20. Ms. Pami Rath, learned counsel appearing for the IDCOL, on the other hand, submitted that the question of rehabilitation of the Petitioners in IDCOL simply did not arise as it had nothing to do W.P.(C) No.5888 of 2011 Page 9 of 11 any longer with SNCL. She submitted that the present claim was wholly untenable as all the dues of the Workmen had already been settled upon closure of the Unit.
21. The above submissions have been considered. Certain facts, which are not in dispute, are that the challenge to the closure by these very Petitioners by filing OJC No.16610 of 1998 failed with the dismissal of the said petition on 7th July, 2008 for non- prosecution. No attempt was made to have the said petition restored. The said order therefore attained finality. The second fact is that the Petitioners have been unable to dispute the contention of IDCOL that upon closure of the SNCL on 23rd November 1998, the entire compensation amount in the sum of Rs.246.99 Lakhs was paid and this included PF and ESI dues. The entire closure compensation was also disbursed. The third factor is that there is a separate arrangement of SCAW taking over the assets of SNCL, but did not take over any liabilities. The plea of the Petitioners that they should be rehabilitated in IDCOL is, therefore, not tenable at all since there is no obligation of IDCOL in law in that regard. For that matter, there is no obligation of SCAW either.
22. The fourth factor, which is undeniable is that the present petition challenging the order dated 10th October, 2008 of the DLO, Dhenkanal declining to take further action on the Petitioners' complaint against the illegal retrenchment, was filed nearly three years thereafter. As has been directed by the Supreme Court in its order dated 3rd November, 2014, the question of delay cannot be ignored. Also, the acceptance of compensation by the W.P.(C) No.5888 of 2011 Page 10 of 11 employees of SNCL at the time of its closure and allowing OJC No.16610 of 1998 to be dismissed for non-prosecution without seeking its restoration are fatal to the case of the Petitioners. There was no scheme in existence at any point in time for rehabilitation of the Workmen. Consequently, there were no means by which the present Petitioners could have been rehabilitated in SCAW, which was the entity that took over the SNCL's assets. At no point in time, did IDCOL step into the picture as far as the undertaking to rehabilitate the Petitioners is concerned. Consequently, the reliefs claimed by the Petitioners in the present case are untenable in law.

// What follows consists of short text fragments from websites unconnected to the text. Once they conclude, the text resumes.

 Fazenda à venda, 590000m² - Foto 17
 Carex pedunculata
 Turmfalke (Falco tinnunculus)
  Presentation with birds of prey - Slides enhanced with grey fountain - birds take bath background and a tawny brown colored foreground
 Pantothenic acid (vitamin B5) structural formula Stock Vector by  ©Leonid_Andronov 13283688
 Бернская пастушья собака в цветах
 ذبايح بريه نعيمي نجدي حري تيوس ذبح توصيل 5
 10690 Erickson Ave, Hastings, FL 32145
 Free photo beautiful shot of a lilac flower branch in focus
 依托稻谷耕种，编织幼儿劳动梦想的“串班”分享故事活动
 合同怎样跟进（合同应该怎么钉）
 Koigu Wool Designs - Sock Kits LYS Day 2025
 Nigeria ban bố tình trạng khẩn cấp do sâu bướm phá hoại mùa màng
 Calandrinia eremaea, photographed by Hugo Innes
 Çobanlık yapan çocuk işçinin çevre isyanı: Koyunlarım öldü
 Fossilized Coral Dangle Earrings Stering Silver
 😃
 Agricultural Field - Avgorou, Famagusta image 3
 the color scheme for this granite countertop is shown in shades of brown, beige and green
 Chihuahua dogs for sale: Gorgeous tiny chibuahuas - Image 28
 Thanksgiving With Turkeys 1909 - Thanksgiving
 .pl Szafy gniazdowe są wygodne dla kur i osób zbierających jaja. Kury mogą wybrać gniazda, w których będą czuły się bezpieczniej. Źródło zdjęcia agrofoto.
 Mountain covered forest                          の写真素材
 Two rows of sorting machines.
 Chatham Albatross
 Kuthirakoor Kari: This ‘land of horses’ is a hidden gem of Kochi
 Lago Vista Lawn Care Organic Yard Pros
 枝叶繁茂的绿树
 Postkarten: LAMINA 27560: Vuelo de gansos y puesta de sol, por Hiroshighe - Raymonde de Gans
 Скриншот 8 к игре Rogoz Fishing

23. The question here is not so much about the plea being defeated by limitation, but by the previous proceedings involving these very Petitioners, which have attained finality. Consequently, none of the decisions cited by the Petitioners has any application in the facts and circumstances of the present case.
24. The writ petition is entirely without merit and, therefore, dismissed, but in the circumstance, with no order as to costs.
(S. Muralidhar) Chief Justice (R. K. Pattanaik) Judge M. Panda.